##### Extracted entries

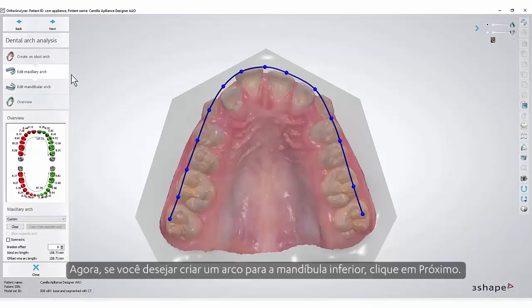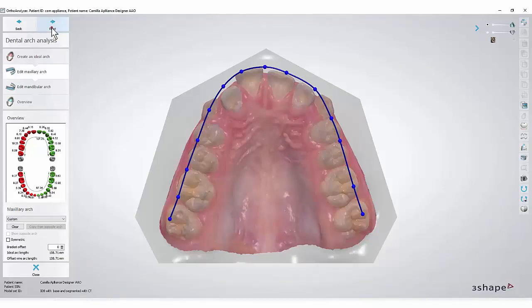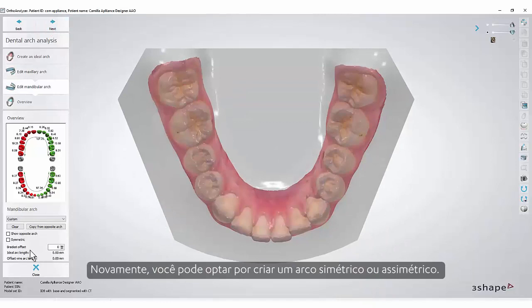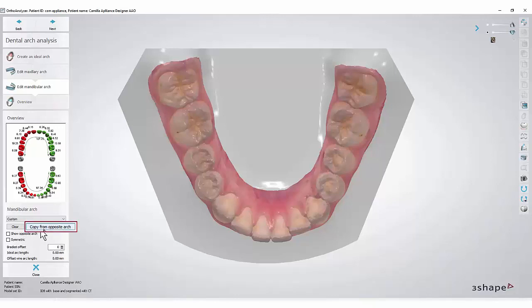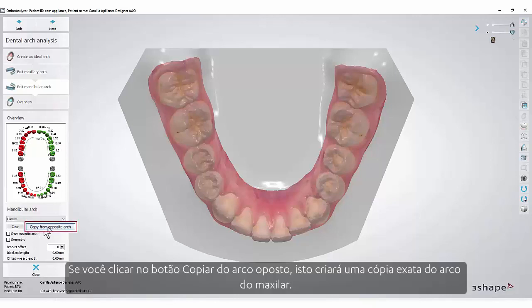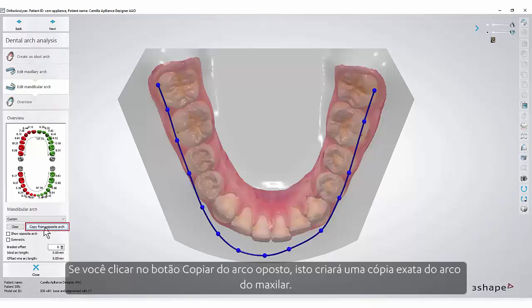Now if you wish to create an arch for the lower jaw click Next. Again you can choose to create symmetric or not symmetric arches. What is very important is that you have the possibility to copy the arch from the opposite side. If you click the Copy from Opposite Arch button, this will create an exact copy of the arch from the maxillary.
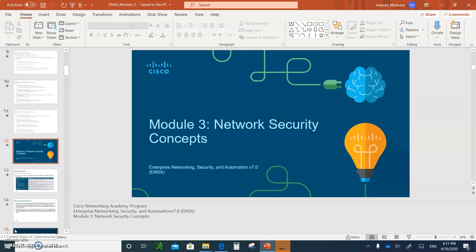Hello, and welcome to Module 3, Network Security. In this module, we are going to cover everything that you need to know about network security. Previously, in the last course, we talked about LAN security in Module 10. And with this module, probably these two chapters cover in detail especially everything that you really need to know. This is like a full course on computer security fundamentals.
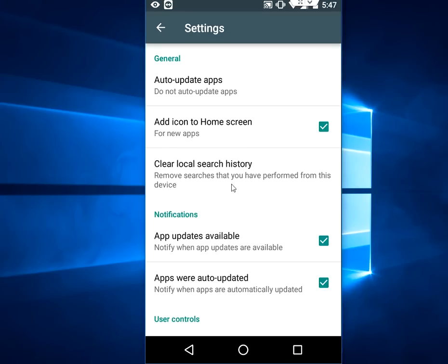So just tap on 'Clear local search history.' Okay, and boom, that's it. It's very simple. And now come back.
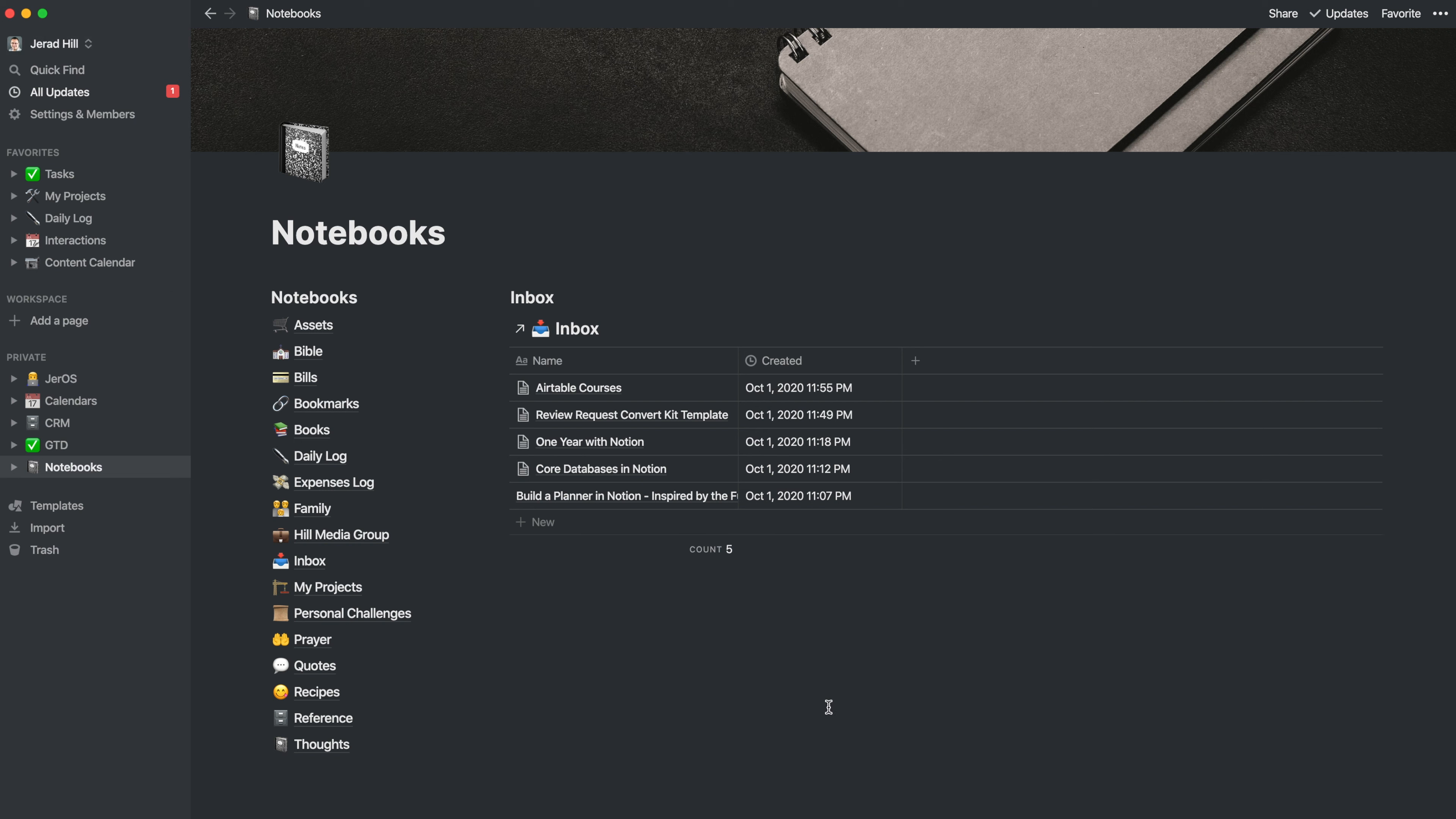So what you're looking at is my current notebook setup. We will look at my dashboard soon, so stay tuned for that in this video. But my notebooks are all listed here. And some of these notebooks are areas that already existed in Notion for me that didn't used to be in my notebook.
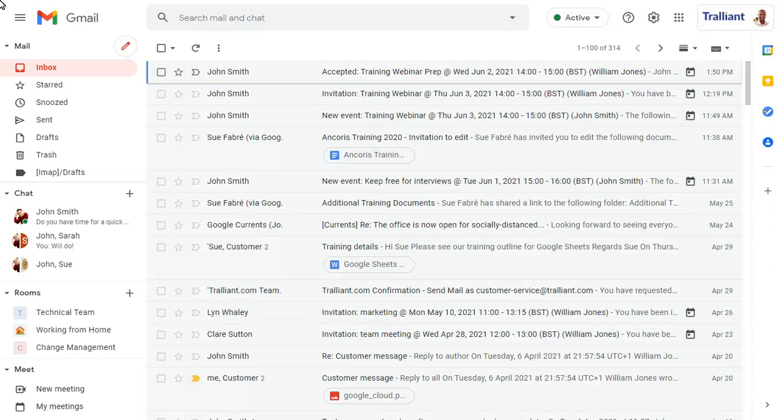To demonstrate the new Meet interface, we'll show our upcoming Meet calls using the My Meetings link in the Gmail integrated workspace.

##########

**Work instruction:**
Reproduce the material word for word, but without its images.

**Output for this exercise:**
Now if you wish to create an arch for the lower jaw click Next. Again you can choose to create symmetric or not symmetric arches. What is very important is that you have the possibility to copy the arch from the opposite side. If you click the Copy from Opposite Arch button, this will create an exact copy of the arch from the maxillary.
Hello, and welcome to Module 3, Network Security. In this module, we are going to cover everything that you need to know about network security. Previously, in the last course, we talked about LAN security in Module 10. And with this module, probably these two chapters cover in detail especially everything that you really need to know. This is like a full course on computer security fundamentals.
So just tap on 'Clear local search history.' Okay, and boom, that's it. It's very simple. And now come back.
So what you're looking at is my current notebook setup. We will look at my dashboard soon, so stay tuned for that in this video. But my notebooks are all listed here. And some of these notebooks are areas that already existed in Notion for me that didn't used to be in my notebook.
To demonstrate the new Meet interface, we'll show our upcoming Meet calls using the My Meetings link in the Gmail integrated workspace.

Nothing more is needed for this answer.